As a finishing touch, the male fish places pieces of shell and coral in the outer ridges. He then puts sand particles in the center of the circle and arranges them into a random pattern. The entire work takes a week or more to complete. And it’s done for the purpose of attracting a female.
Upon the arrival of a prospective female, the male pufferfish enters the inner circle and churns up the fine sand particles. The female surveys his work. To indicate her approval, she moves to the center of the mystery circle. She then lays her eggs and swims away, leaving the male to fertilize them.

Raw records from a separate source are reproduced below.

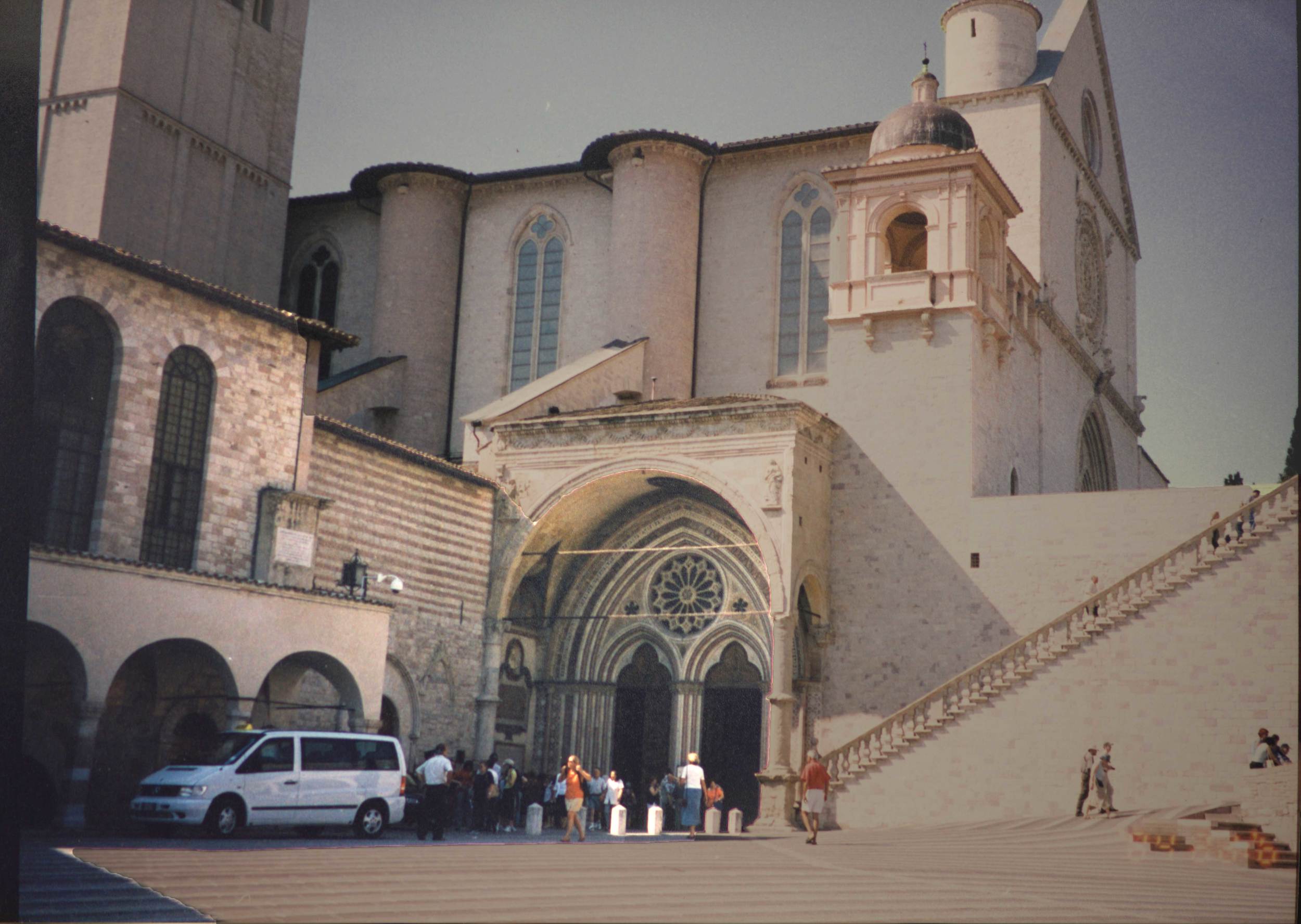 Basilica of San Francesco, Assisi, Italy. Image©sourcingstyle.com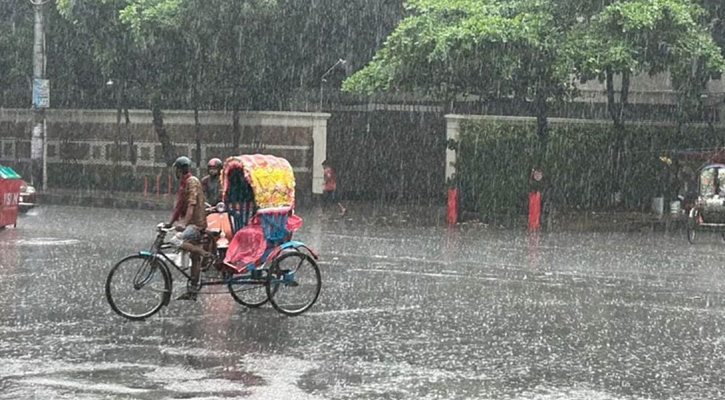 রাজধানীতে স্বস্তির বৃষ্টি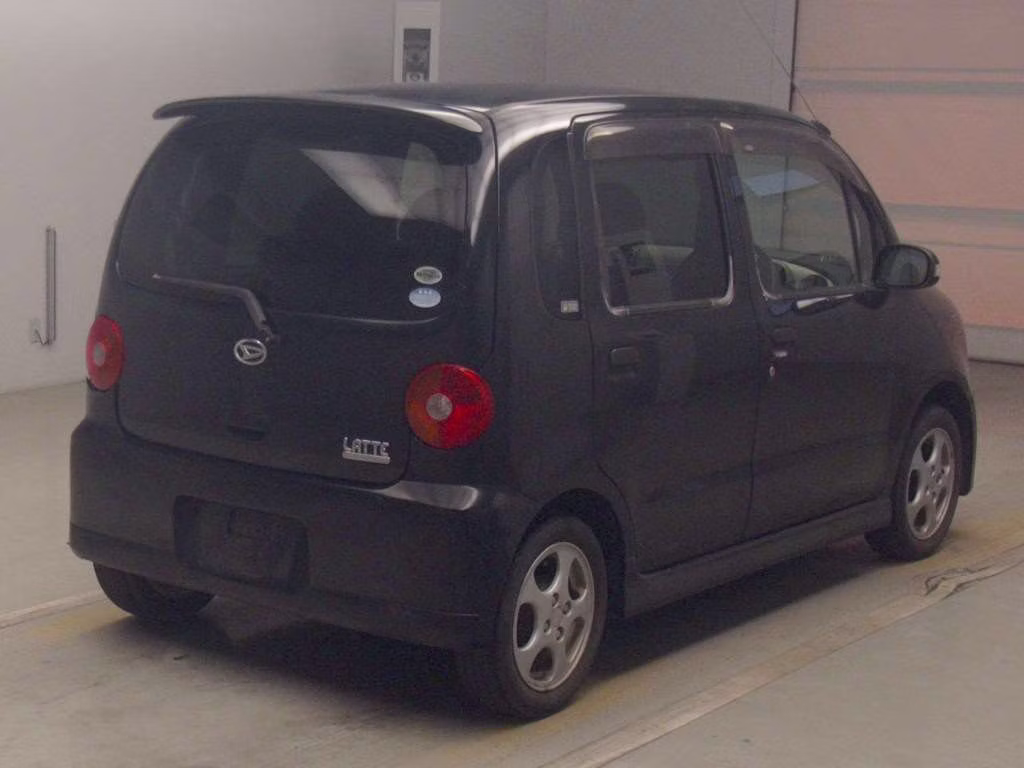 DAIHATSU MOVE LATTE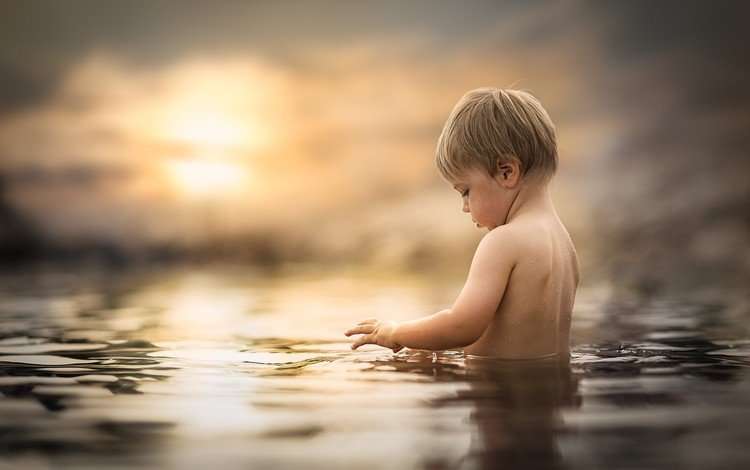 вода, солнце, закат, маленький, дети, ребенок, мальчик, water, the sun, sunset, small, children, child, boy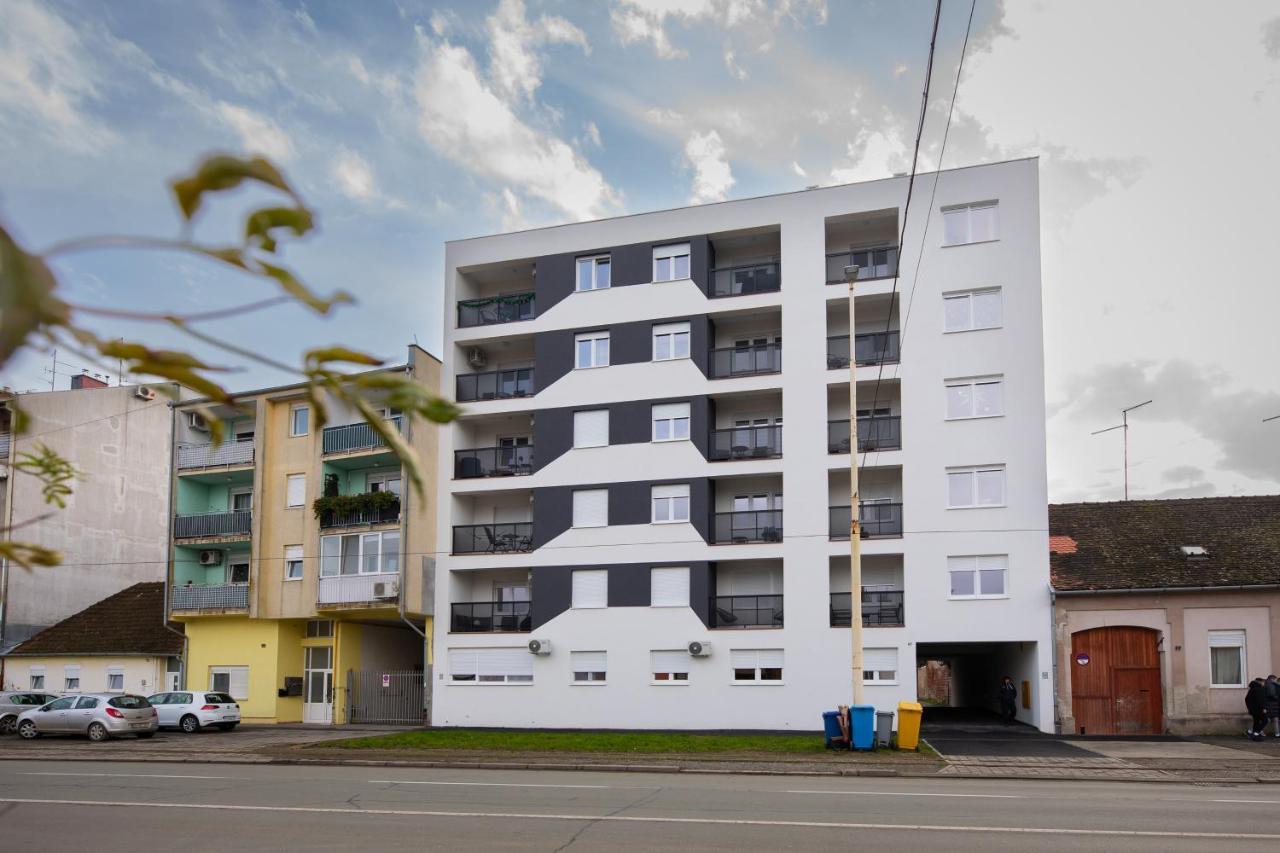 Appartement Ivana - Private Parking Osijek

Experts don’t yet know what the female looks for in a good nest, however, only that it may function to protect her eggs from currents. She may be judging its decorations, size, symmetry or the distribution of fine particles in the inner circle. One possibility is that she prefers large nests as this suggests a strong mate.
Speaking to the science website Live Science in 2013, Alex Jordan, a researcher from the University of Texas, suggested that the nest might be purely functional. He said, “There is no evidence that females care about anything more than the fine sand, and even that’s a stretch,” he said. “The beautiful lines and structure could serve only to channel those particles to the center, and have no aesthetic purpose.”

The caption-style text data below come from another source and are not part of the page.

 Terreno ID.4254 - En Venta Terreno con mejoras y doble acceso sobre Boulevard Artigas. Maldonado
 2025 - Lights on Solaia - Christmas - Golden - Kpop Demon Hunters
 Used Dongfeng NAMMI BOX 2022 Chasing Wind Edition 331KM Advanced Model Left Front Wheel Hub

In fact, researchers believe that a reliable supply of fine sand particles is crucial to the pufferfish’s nest-building activities. After the female deposits the eggs, the male guards them for close to a week until they hatch. He then searches for a new nesting site, although it remains unclear why he apparently cannot re-use the old nest.
Torquigener albomaculosus is presently the only fish known to carve elaborate “mystery circles” out of the seabed. However, there are other fish varieties that construct so-called bowers to attract females. For example, male cichlid fish from East Africa’s Lake Malawi construct castle-like structures for females to lay their eggs inside.
In total, there are hundreds of bower-building cichlid species in Lake Malawi. They construct their bowers by gathering sand in their mouths and then ejecting it into a pile. Furthermore, according to researchers at the University of Nottingham and the University of Hull, the bowers appear to have complex social functions that go beyond merely attracting a female.
According to Dr Domino Joyce, a biologist from the University of Hull, the shape of the bower affects how many conflicts the fish get into. “We spent a total of 26 and a half hours underwater, watching 99 cichlid fish of one particular species,” she said. “We carefully changed the sand structure of some of the fish… to find that the owners of these bowers got into fewer fights with other males.”
In addition, according to Dr Joyce, such bower alterations confer distinct evolutionary advantages. “This is exciting, because it suggests that if male fish evolve to build their castles a little bit different to the others of their species, then these males may have an advantage as they are less likely to get attacked,” she explained.
And that advantage may subsequently lead to the evolution of an entirely new species, Dr Magalhaes from the University of Nottingham stated. She said, “Over time, if female preference also evolves to favor the new shape of bower, then this could lead to the emergence of a new species of cichlid, all of whom build this once novel style of sandcastle.”
The world’s oceans represent a frontier of astounding vastness, unconquered and unexplored. Although it may be tempting to explain their mysteries with outlandish theories, it’s entirely unnecessary. In fact, the oceans are as alien to humans as outer space. And the creatures they harbor are as strange as anything dreamed up by science fiction.